I don’t think we’ll see a Code Interpreter API anytime soon because of the risk of runaway generation.
Code Interpreter responds after every code execution, so it’s theoretically possible for a bad actor to engineer a situation which could lead to an essentially infinite loop of token generation from a single prompt.
So, I think OpenAI will need to create some safeguards to put in place to guarantee that cannot happen before we’ll ever see an API endpoint.
If you do that with current CI model it will exit after (I think) either 10 attempts for some predefined token limit (not sure on those numbers exactly, but in the ballpark of 4-5 mins of generation) Yu could presumably have similar limits on the API, but it would be super compute heavy.
You can already get an AI model with the skill of code interpreter:
use a dummy function that doesn’t get called,
Add the ChatGPT code interpreter prompt to the system prompt,
Get python function calls when AI wants to answer by running code (along with things the AI wants to say at the same time).
To chat history, add the AI chat content response and actual unseen AI-generated function language correctly as “assistant” role, and the last line of generated variables from python as function role, and call API again.
Repeat until you don’t get any function calls.
The complete chat history makes the number and type of function call operations apparent, better than ChatGPT history function if it required 10 automatic rewrites and tracebacks for the AI to fix the code it wanted to run.
Just add your actual python notebook sandbox - or not sandboxed. Add new features like mountpoint browsing and URL file location responses.
There very well may be some pre-defined threshold, I’ve not probed enough to begin to identify it.
I’ve definitely had “single” generations between 10k and 20k tokens. I can’t say how long they ran for because I tabbed away and did other things while they were running, but I’m sure it was on the order of at least 4–5 minutes.
Much of this would depend on the actual implementation of a CI API endpoint, specifically when control is returned to the calling function. For instance, if after a code execution it’s logical to kick it back to the caller who would then decide whether or not to direct things to the user or assistant. OpenAI seems to always make a call to the assistant before halting so I could imagine that getting baked into the API. ¯\_(ツ)_/¯
Do you have any source for the existence of a fail-safe?
We’ve interacted enough that I would hope you’d be aware that I’m not a moron—I’m not sure why you thought I needed this.
First, no.
There is a huge difference between calling an OpenAI API which can run code on OpenAI’s servers and running code on my own server based on a response from an OpenAI API.
I did, in point of fact, write my own “Code Interpreter” months before OpenAI announced theirs.
I code mostly in R[1] for my research, so I wrote a plugin for R Studio that calls the OpenAI API to write, edit, and document code. Code is run either in a sandbox or my current interactive session and the results are sent back to the assistant to iterate on or verify correctness.
And yes it does bail out when it has been running too long.[2]

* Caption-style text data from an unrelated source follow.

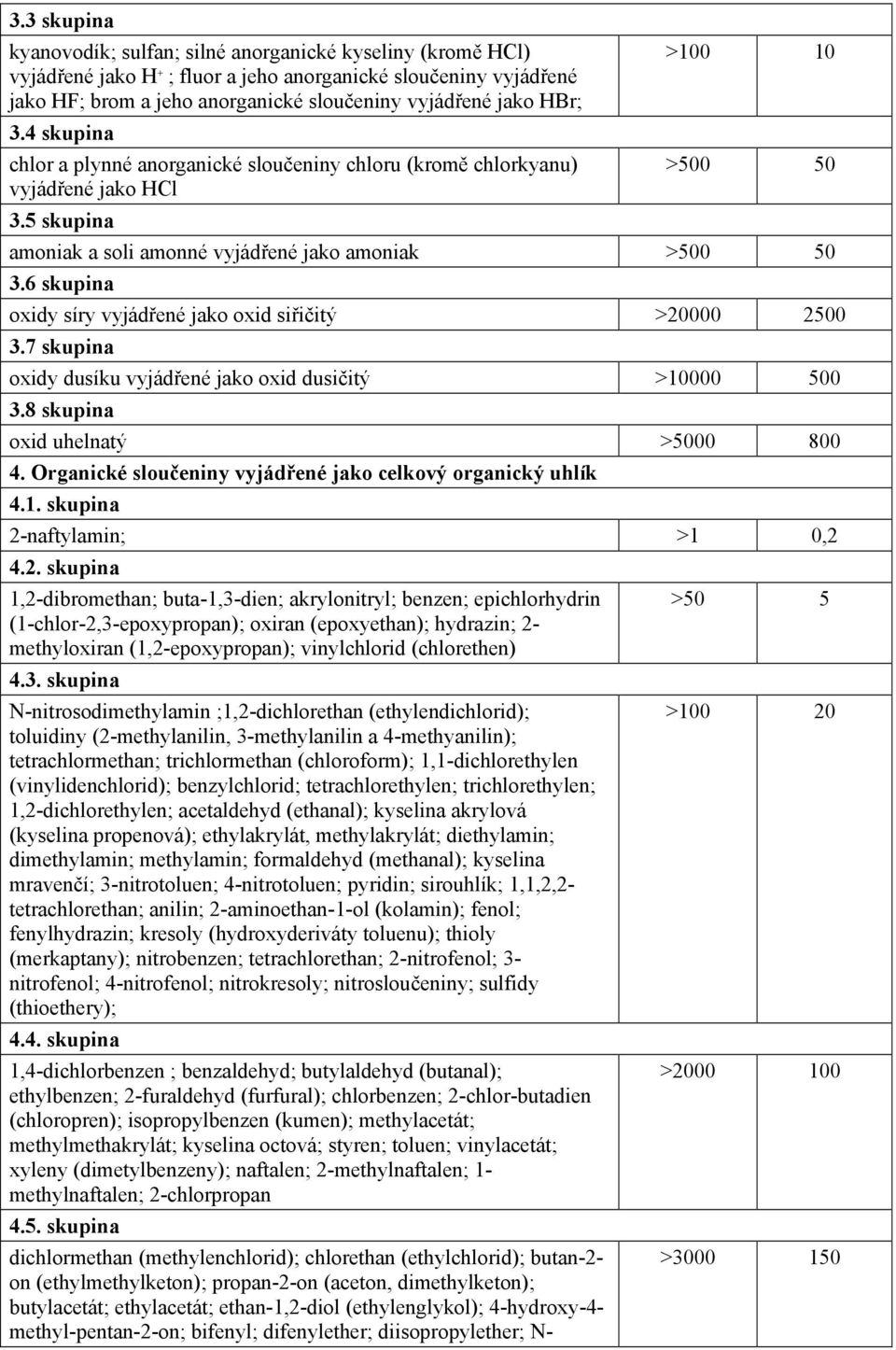 6 skupina oxidy síry vyjádřené jako oxid siřičitý >20000 2500 3.7 skupina oxidy dusíku vyjádřené jako oxid dusičitý >10000 500 3.8 skupina oxid uhelnatý >5000 800 4.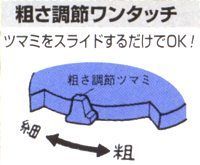 みじん切り機
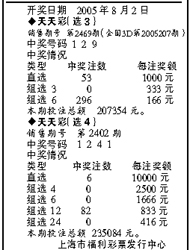 246天天天彩資料免費(fèi)大全|緊密釋義解釋落實(shí),關(guān)于二十四節(jié)氣天天彩資料免費(fèi)大全的解讀與落實(shí)策略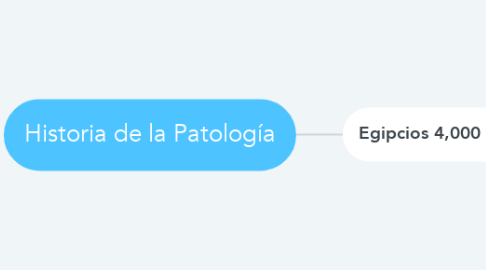 Mind Map: Historia de la Patología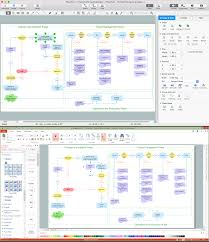 Draw Flowcharts With Conceptdraw Chart Examples Make A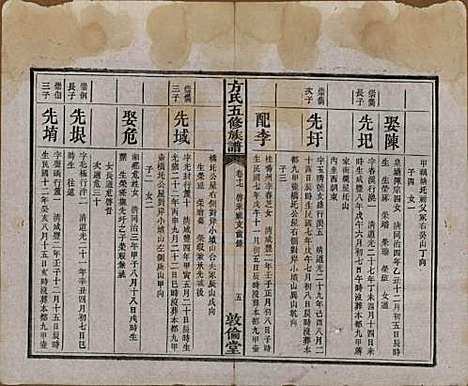 湖南[方姓] 方氏族谱二十四卷首一卷 — 民国十三年（1924）_十七.pdf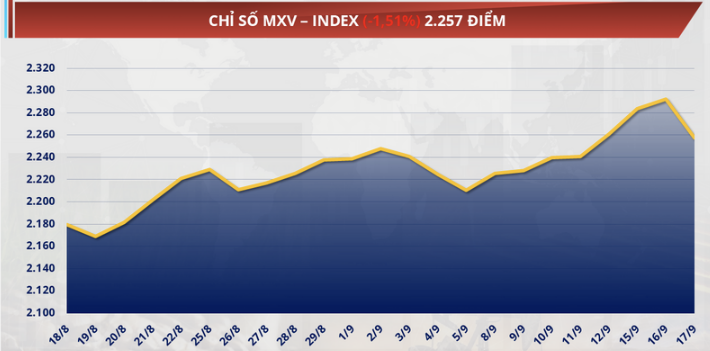 chỉ số MXV-Index đánh mất tới 1,5% về mức 2.259 điểm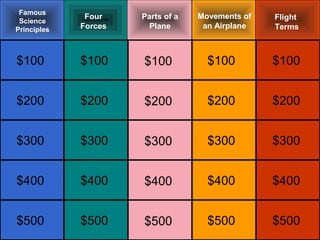 Famous
              Four    Parts of a   Movements of   Flight
 Science
Principles   Forces     Plane       an Airplane   Terms



$100         $100     $100           $100         $100


$200         $200     $200           $200         $200


$300         $300     $300           $300         $300


$400         $400     $400           $400         $400


$500         $500     $500           $500         $500
 
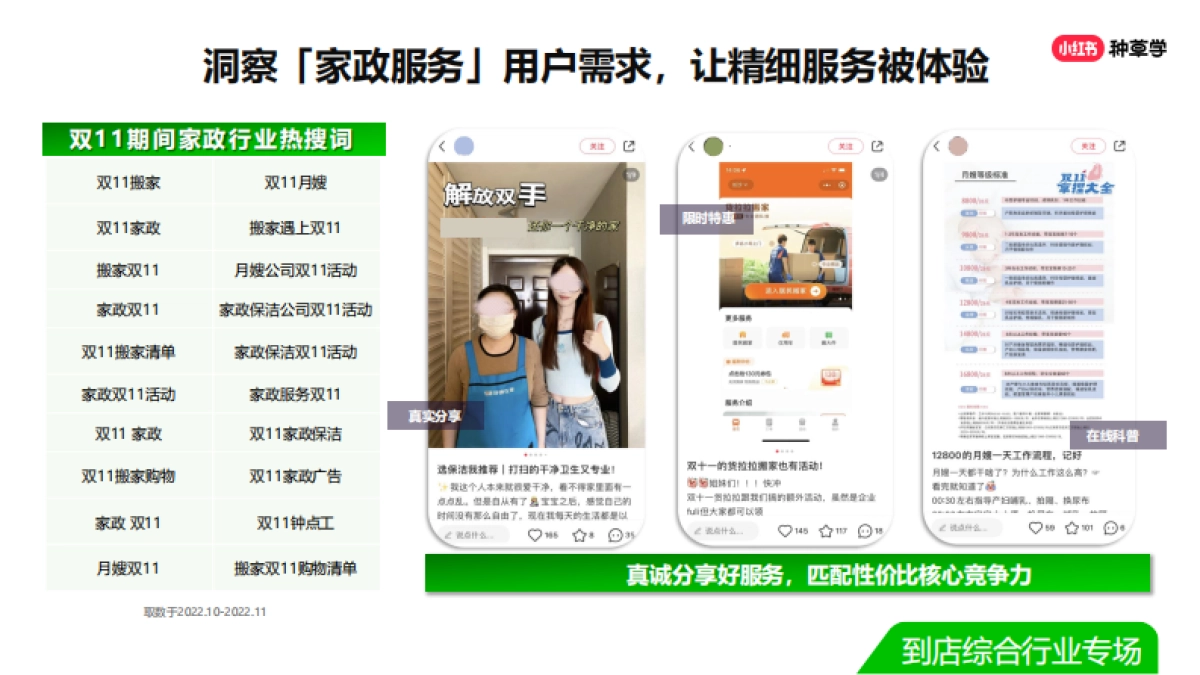 双11直播-到店综合行业_第8页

Though, for full transparency, I’ll admit this was a bit of an afterthought as I was using the codex model when it was in free-beta and wasn’t worried about usage. ↩︎
And what is that huge difference then? Perhaps what you haven’t tried to see is that the AI model used when a function is included is the exact same as would be used by code interpreter, with all the fine-tuning. It will make python function calls to complete calculation answers to answer the user without any python function at all, even preferring that over calling a Wolfram Alpha calculator.
Freedom, permanence, your own modules, and ability to dedicate any compute resources or virtualenv you want when it is not running on someone else’s spun up Jupyter instance.
Sorry to insult you with useful information, I’ll make sure that never happens again. The helping, that is.